Every line from the one containing "Women's Casual Harem 3/4 High Waist Pants" to the end of the records below should be returned exactly; pictures are to be dropped.
INFORMATION Block Start
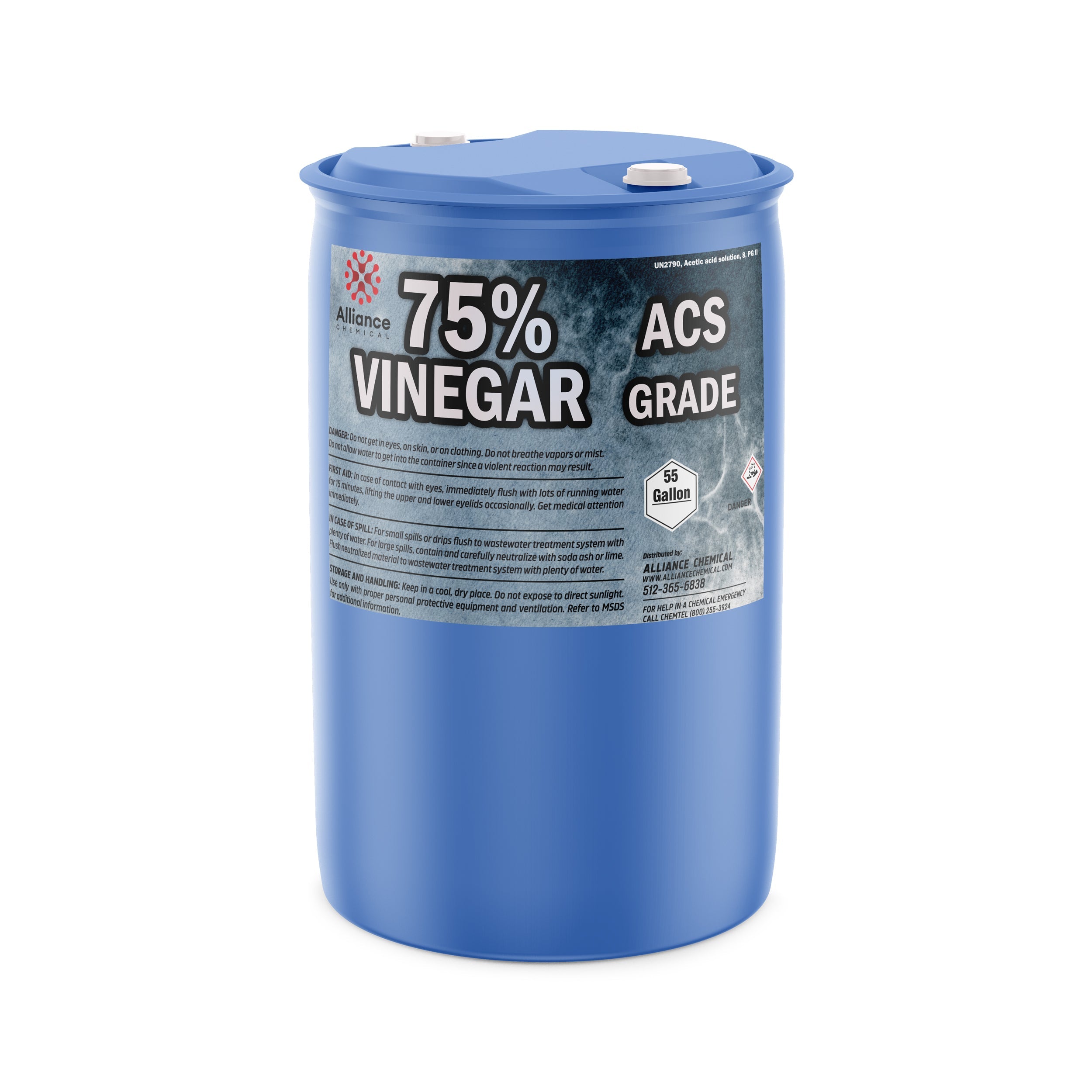 55-gallon blue HDPE drum of 75% ACS-grade vinegar with hazard warnings, dual-port lid, and chemical safety labeling from Alliance Chemical.
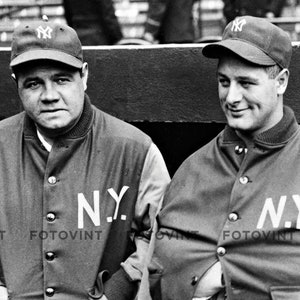 Babe Ruth Lou Gehrig Photo Picture 1920s NEW YORK YANKEES Vintage Baseball Photograph Print 8x10, 8.5x11, 11x14, 16x20 (bruth lgehrig MP1)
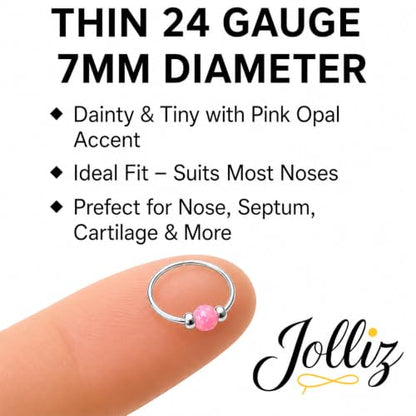Jolliz Opal Nose Rings Hoops – 24 Gauge Classic Design, Elegant Nose Rings for Women & hypoallergenic Nose Piercings Jewelry Perfect for Any Occasion with Comfortable Fit - color: Pink Opal Silver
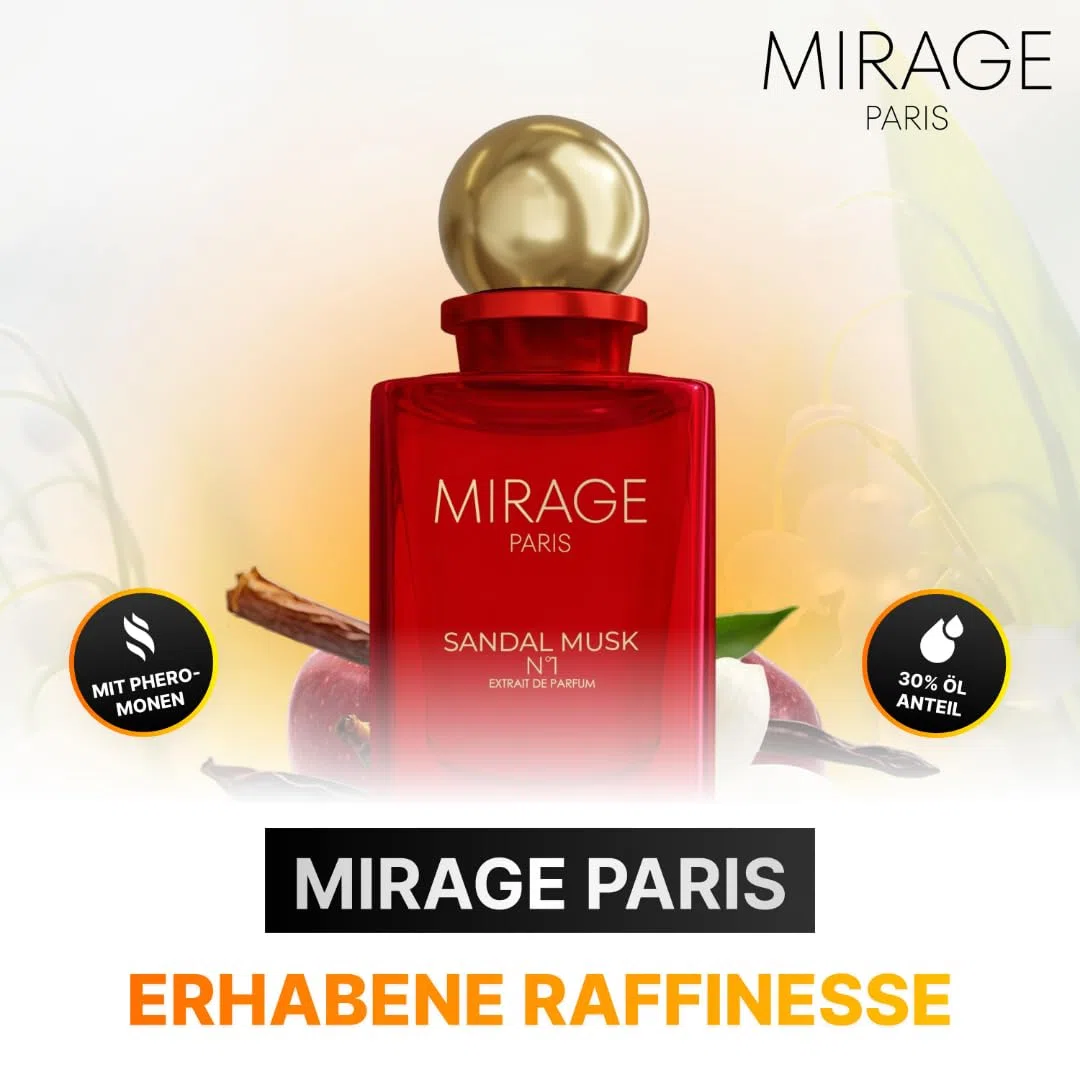 Sandal Musk No.1 – Extrait de Parfum Unisex (30% aceite aromático) con feromonas, duradero y elegante, sándalo y almizcle, 50 ml + muestra de fragancia gratis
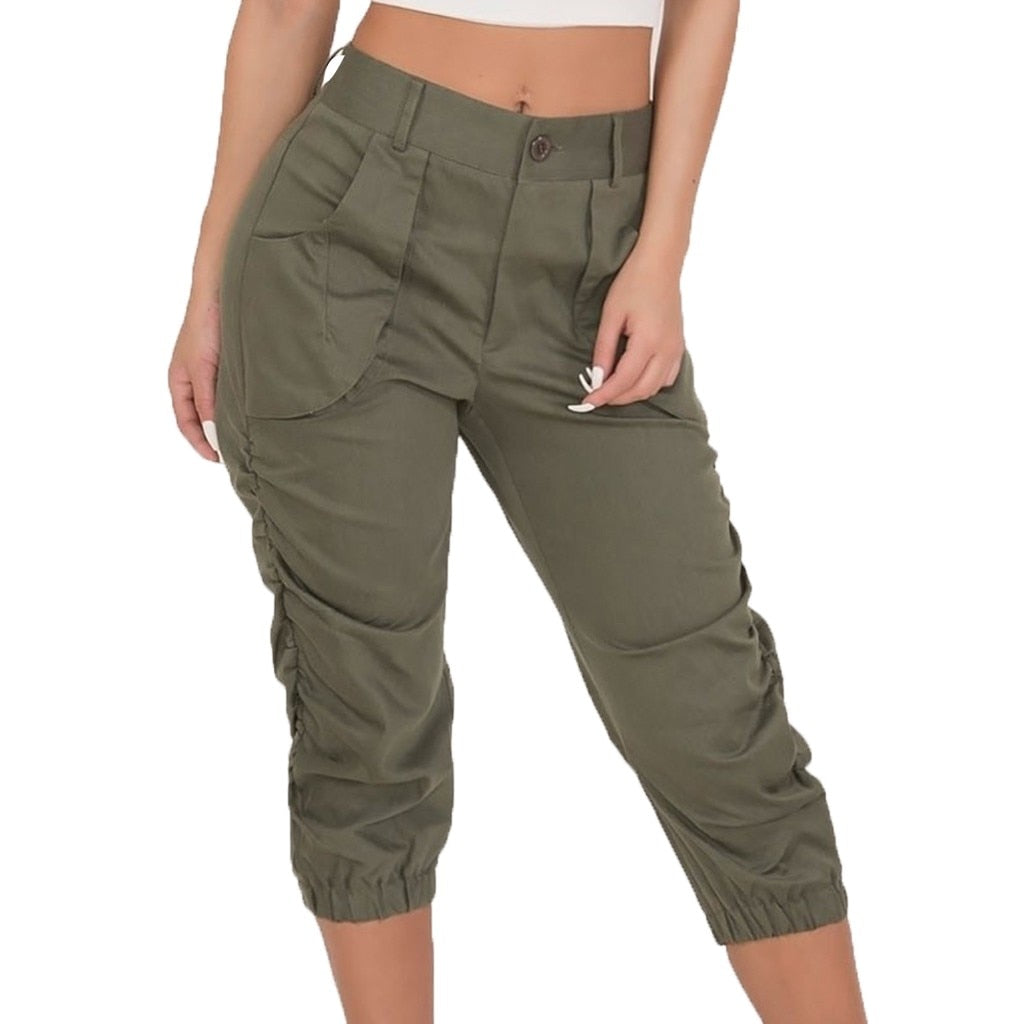 Women's Casual Harem 3/4 High Waist Pants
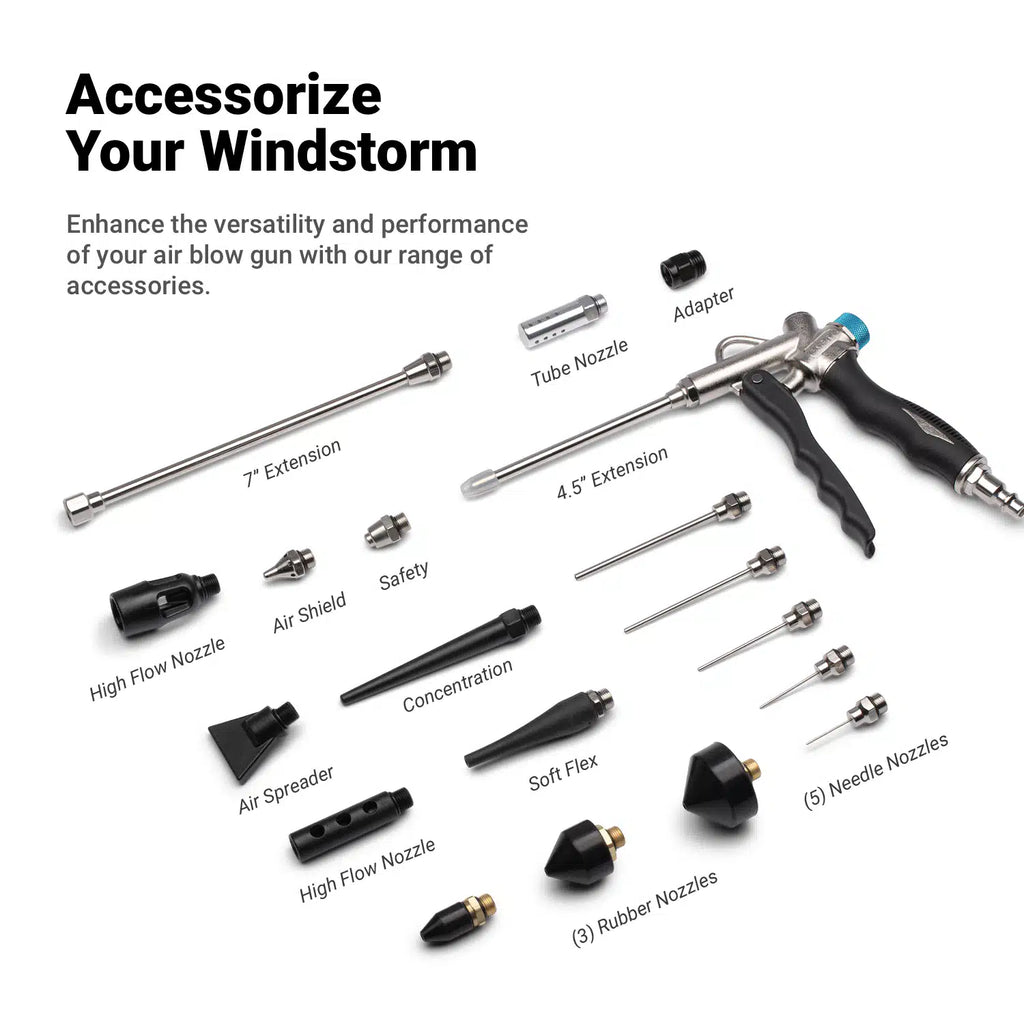 19-Piece Windstorm Air Blow Gun Ultimate Kit with Accessories
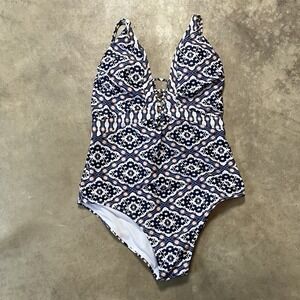 Jessica Simpson Swimsuit Womens Size Medium Dark Multi V Neck‎ Lace Up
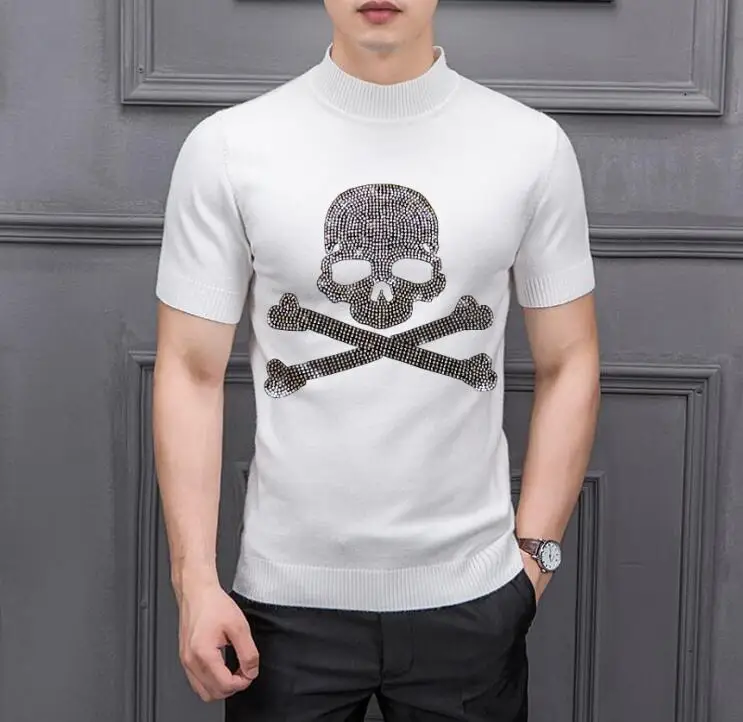 

Borunke brand Rhinestone Streetwear Oversize designer short sleeve sweater Men cotton brand Hip Hop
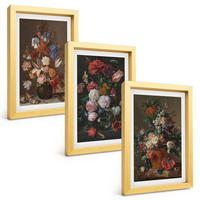 BILDER SET 3er Set - 20x30 cm Goldrahmen - Blumenarrangements in Vasen - Goldfarben, Kunststoff (20/30cm) - TULUP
INFORMATION Block End
** ANSWER TO THE PROBLEM **
 Women's Casual Harem 3/4 High Waist Pants
 19-Piece Windstorm Air Blow Gun Ultimate Kit with Accessories
 Jessica Simpson Swimsuit Womens Size Medium Dark Multi V Neck‎ Lace Up

Borunke brand Rhinestone Streetwear Oversize designer short sleeve sweater Men cotton brand Hip Hop
 BILDER SET 3er Set - 20x30 cm Goldrahmen - Blumenarrangements in Vasen - Goldfarben, Kunststoff (20/30cm) - TULUP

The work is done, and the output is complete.